アントニオ・サリエリ(1750-1825)
しかし。空前の人気を誇った生前ならばいざ知らず……。
亡くなって200年近くが経とうという頃、しかもウィーンから遠く離れた日本で、このような大輪の花々が“ファン”の手によって贈られようとは。
いったい、誰が想像したでしょうか。
────サリエリを好きになったきっかけも、想いも、人それぞれ。
共通しているのは「サリエリの人となりや音楽をもっと知りたい」という強い好奇心。
午前の部153名、午後の部208名にものぼるお客様が、東京ドイツ文化センター1階のOAGホールに集いました。

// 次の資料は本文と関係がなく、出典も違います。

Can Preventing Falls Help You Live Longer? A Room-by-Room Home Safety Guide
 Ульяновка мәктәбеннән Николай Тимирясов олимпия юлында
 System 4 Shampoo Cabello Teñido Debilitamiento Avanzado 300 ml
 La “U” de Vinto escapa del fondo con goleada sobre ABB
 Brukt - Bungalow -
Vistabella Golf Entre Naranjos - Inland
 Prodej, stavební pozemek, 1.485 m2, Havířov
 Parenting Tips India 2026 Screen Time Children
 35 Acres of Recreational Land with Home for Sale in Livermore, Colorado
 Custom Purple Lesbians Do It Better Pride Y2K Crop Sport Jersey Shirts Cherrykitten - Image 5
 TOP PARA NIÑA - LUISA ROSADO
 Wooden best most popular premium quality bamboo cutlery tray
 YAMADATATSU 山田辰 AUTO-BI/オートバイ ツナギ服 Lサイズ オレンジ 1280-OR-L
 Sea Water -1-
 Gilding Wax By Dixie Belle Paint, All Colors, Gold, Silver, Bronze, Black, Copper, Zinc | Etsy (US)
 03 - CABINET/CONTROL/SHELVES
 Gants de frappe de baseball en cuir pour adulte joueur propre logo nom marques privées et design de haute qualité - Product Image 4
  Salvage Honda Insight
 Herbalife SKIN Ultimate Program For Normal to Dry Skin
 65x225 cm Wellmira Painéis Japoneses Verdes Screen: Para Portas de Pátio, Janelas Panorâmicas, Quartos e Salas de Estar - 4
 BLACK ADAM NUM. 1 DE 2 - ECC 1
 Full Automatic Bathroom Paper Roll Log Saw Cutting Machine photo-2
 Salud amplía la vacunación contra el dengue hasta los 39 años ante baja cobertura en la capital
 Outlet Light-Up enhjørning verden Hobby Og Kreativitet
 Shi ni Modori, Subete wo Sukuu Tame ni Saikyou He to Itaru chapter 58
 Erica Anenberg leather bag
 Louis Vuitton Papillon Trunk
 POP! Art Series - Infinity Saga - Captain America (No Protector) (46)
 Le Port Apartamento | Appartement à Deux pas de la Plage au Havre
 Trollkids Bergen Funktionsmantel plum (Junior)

長方形のOAGホールは、さしずめ現代の舞踏会場(レドゥテンザール)?
開場~開演までのBGMは、NAXOSレーベルの『サリエリ序曲集』
4ヶ月前に予約をスタートし、チケットサイトがサーバーダウンするほどに申し込みが殺到。「午前の部」を新たに増設し、さらに「オーストリア大使館/オーストリア文化フォーラム」の後援も得て、満を持して開催に至った当イベント「サリエリナハトフェスト」。
午前・午後のプログラム(主催者提供)
イベントのメインは、日本で唯一のサリエリの評伝『サリエーリ 生涯と作品 モーツァルトに消された宮廷楽長』の著者であり、音楽・オペラ研究家である水谷彰良先生の記念講演です。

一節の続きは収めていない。